She shared that one of the hardest parts has been losing regular contact with her grandmother because communication channels into Iran have effectively been shut down.
“Instead, this is how my day looked like.
I woke up to a reminder to call my grandma (I used to call her every Friday morning). I snoozed the reminder until next Friday, just like I have done for the past many years. I can’t call her like our tradition these days because there is no way to call home. All international calls to Iran are blocked, and the internet is fully shut down by the regime.”

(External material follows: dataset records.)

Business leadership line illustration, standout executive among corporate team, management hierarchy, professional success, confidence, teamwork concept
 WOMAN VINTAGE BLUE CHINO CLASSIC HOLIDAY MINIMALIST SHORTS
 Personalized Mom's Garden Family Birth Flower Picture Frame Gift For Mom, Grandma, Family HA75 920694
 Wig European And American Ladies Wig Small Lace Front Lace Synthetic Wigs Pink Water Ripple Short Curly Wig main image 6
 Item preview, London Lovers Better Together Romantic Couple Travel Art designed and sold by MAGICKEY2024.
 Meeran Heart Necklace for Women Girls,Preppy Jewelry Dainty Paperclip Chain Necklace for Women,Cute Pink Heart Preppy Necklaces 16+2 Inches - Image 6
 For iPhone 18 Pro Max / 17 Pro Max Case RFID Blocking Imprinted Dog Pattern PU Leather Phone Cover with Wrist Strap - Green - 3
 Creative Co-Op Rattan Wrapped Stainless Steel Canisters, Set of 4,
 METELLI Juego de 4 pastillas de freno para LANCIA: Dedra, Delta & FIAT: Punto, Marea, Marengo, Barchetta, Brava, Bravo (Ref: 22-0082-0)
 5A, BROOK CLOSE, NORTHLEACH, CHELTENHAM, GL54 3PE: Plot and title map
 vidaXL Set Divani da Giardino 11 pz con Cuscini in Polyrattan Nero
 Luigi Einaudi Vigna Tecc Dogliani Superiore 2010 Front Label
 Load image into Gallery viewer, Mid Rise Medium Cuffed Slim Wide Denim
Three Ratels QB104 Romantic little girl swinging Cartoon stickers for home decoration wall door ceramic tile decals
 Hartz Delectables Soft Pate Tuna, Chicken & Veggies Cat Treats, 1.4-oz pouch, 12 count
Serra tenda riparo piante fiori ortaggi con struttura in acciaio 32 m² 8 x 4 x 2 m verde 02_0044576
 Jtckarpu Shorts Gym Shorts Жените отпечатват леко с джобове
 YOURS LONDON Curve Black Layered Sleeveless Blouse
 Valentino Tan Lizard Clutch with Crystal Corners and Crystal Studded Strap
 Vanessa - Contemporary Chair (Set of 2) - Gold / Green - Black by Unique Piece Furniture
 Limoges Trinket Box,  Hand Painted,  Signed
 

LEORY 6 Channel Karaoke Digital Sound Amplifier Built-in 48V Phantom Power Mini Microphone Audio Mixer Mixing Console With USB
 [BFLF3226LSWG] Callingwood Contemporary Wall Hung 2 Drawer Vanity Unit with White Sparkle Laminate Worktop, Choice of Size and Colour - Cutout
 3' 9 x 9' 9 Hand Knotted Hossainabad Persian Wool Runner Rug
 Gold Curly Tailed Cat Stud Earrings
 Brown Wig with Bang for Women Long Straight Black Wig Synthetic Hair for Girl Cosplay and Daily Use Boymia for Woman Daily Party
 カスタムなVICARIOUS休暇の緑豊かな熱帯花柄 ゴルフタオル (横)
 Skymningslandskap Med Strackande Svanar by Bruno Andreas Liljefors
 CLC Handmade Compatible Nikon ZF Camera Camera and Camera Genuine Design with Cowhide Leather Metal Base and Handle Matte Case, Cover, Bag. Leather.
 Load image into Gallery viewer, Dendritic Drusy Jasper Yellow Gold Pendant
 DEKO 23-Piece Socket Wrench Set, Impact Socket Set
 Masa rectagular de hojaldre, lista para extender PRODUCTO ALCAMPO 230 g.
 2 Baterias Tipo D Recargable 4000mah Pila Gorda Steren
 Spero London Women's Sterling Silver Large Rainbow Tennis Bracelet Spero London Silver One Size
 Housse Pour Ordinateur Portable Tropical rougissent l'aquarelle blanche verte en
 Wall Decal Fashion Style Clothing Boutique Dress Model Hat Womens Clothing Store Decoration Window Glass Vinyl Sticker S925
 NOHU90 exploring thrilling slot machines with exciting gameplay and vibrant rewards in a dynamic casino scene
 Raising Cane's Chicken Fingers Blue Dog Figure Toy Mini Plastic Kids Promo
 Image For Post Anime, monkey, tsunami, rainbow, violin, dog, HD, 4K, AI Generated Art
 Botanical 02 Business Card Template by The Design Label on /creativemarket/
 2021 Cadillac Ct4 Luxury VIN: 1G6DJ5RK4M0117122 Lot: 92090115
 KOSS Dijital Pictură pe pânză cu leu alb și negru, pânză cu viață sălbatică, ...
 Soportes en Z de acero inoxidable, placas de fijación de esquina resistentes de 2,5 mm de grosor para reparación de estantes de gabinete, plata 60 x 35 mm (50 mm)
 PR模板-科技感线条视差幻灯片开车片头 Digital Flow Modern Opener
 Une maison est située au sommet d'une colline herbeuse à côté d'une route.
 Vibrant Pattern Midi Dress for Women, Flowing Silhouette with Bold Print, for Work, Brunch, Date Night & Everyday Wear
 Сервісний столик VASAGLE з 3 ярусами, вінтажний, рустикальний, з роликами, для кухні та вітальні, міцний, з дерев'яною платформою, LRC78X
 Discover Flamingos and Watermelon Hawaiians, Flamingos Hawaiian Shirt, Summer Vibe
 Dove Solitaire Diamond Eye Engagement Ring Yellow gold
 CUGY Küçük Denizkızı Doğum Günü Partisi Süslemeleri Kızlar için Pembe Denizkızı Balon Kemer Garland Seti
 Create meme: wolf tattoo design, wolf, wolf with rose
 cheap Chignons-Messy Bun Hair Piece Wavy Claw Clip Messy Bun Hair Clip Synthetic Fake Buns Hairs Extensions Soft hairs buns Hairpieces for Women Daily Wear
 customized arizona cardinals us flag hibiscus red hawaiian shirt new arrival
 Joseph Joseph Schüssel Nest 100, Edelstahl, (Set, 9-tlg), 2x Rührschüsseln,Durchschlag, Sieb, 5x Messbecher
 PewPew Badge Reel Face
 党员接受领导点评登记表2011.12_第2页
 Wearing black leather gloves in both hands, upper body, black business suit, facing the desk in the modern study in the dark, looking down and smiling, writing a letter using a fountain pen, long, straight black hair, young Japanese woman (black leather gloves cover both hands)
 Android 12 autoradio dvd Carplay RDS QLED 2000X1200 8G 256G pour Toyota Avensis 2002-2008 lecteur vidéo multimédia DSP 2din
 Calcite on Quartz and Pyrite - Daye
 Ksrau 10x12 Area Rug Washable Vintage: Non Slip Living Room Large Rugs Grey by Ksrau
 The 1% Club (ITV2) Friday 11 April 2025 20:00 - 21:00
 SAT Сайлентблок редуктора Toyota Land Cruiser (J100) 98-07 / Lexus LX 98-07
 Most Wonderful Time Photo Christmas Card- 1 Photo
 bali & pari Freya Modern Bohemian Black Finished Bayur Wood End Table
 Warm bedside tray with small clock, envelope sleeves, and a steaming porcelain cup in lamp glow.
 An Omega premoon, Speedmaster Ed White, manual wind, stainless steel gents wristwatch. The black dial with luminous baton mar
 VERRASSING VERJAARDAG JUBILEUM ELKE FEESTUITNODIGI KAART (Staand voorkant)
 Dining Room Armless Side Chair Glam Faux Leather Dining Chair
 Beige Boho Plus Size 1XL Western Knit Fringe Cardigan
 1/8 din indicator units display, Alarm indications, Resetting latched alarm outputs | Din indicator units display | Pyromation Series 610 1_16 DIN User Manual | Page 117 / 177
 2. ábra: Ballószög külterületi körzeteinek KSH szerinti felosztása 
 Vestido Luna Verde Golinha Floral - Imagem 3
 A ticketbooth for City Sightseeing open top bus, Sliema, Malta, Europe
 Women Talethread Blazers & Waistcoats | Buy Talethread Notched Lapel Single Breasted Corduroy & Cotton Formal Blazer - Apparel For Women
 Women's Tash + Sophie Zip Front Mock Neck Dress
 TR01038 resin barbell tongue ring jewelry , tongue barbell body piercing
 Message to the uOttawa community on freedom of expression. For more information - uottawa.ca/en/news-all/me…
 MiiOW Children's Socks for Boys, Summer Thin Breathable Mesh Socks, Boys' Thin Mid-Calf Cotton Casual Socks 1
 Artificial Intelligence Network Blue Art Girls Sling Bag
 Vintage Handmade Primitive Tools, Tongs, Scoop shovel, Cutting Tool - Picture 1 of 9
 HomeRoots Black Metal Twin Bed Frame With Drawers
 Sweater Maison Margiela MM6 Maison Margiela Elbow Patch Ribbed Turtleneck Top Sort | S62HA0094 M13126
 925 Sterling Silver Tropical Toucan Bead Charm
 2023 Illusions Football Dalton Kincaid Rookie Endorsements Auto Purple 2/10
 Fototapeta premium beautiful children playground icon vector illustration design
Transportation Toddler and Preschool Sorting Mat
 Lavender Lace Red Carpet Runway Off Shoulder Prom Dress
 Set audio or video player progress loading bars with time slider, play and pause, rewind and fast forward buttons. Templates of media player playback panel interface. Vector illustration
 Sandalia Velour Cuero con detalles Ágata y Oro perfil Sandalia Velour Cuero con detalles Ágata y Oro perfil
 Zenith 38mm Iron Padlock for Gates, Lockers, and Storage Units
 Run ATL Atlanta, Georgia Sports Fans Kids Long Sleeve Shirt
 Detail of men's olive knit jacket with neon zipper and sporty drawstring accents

Ehsani also reflected on her immigration journey in the United States. She revealed that after more than a decade of living in America and spending five years as a green card holder, she recently became eligible to apply for U.S. citizenship. However, she said recent executive actions targeting Iranians have left her uncertain about her future.
“I got to work and right as I opened my computer I received an email I had scheduled to send to myself 5 years ago: ‘Apply for citizenship.’ This summer marks 11 years of being in the US and 5 years of being a green card holder. I am now eligible to file for citizenship, but it doesn’t matter because an executive order was signed a few months ago that banned all Iranians from applying for any visa or citizenship.”
Her comments also touched on growing anxiety among temporary visa holders in the United States after recent discussions around changes to green card processing rules. Ehsani said many Iranians fear that leaving the U.S. during the application process could mean being unable to return for months or even years because of visa backlogs and travel restrictions.
“At lunch I opened Twitter just to see what’s up in the world and saw the news that those who don’t have a green card now need to leave the US before they can get one. This means every one of my Iranian friends who are here on a visa now has to go back home (on which flight?) to get a green card??? As if it’s that easy? We all know getting back to the US for Iranians is a huge challenge (months and months of waiting for a visa, with a chance of never being able to come back).”
As the post continued, Ehsani moved beyond policy discussions and described the emotional exhaustion many Iranians in the diaspora are quietly carrying while trying to maintain normal lives abroad. She said work has become one of the few distractions helping her cope with the constant fear and uncertainty surrounding her loved ones.
“And this is just a normal Friday for an Iranian. These days, when people ask how I’m doing and how I’m handling everything, I just say:
‘It’s okay, it’s okay. It will be okay some day.’ But the reality is: nothing is okay. I’m in constant pain. I haven’t seen my family and loved ones in years, I barely hear about their wellbeing, and I’m constantly worried about them. I’m just burying myself in work because that’s the only distraction that can save me from losing my mind.”
She concluded the post with a raw admission about the emotional state of many Iranians currently living through the crisis from afar.
“I’m not okay. None of us are okay. We are just barely holding it together…”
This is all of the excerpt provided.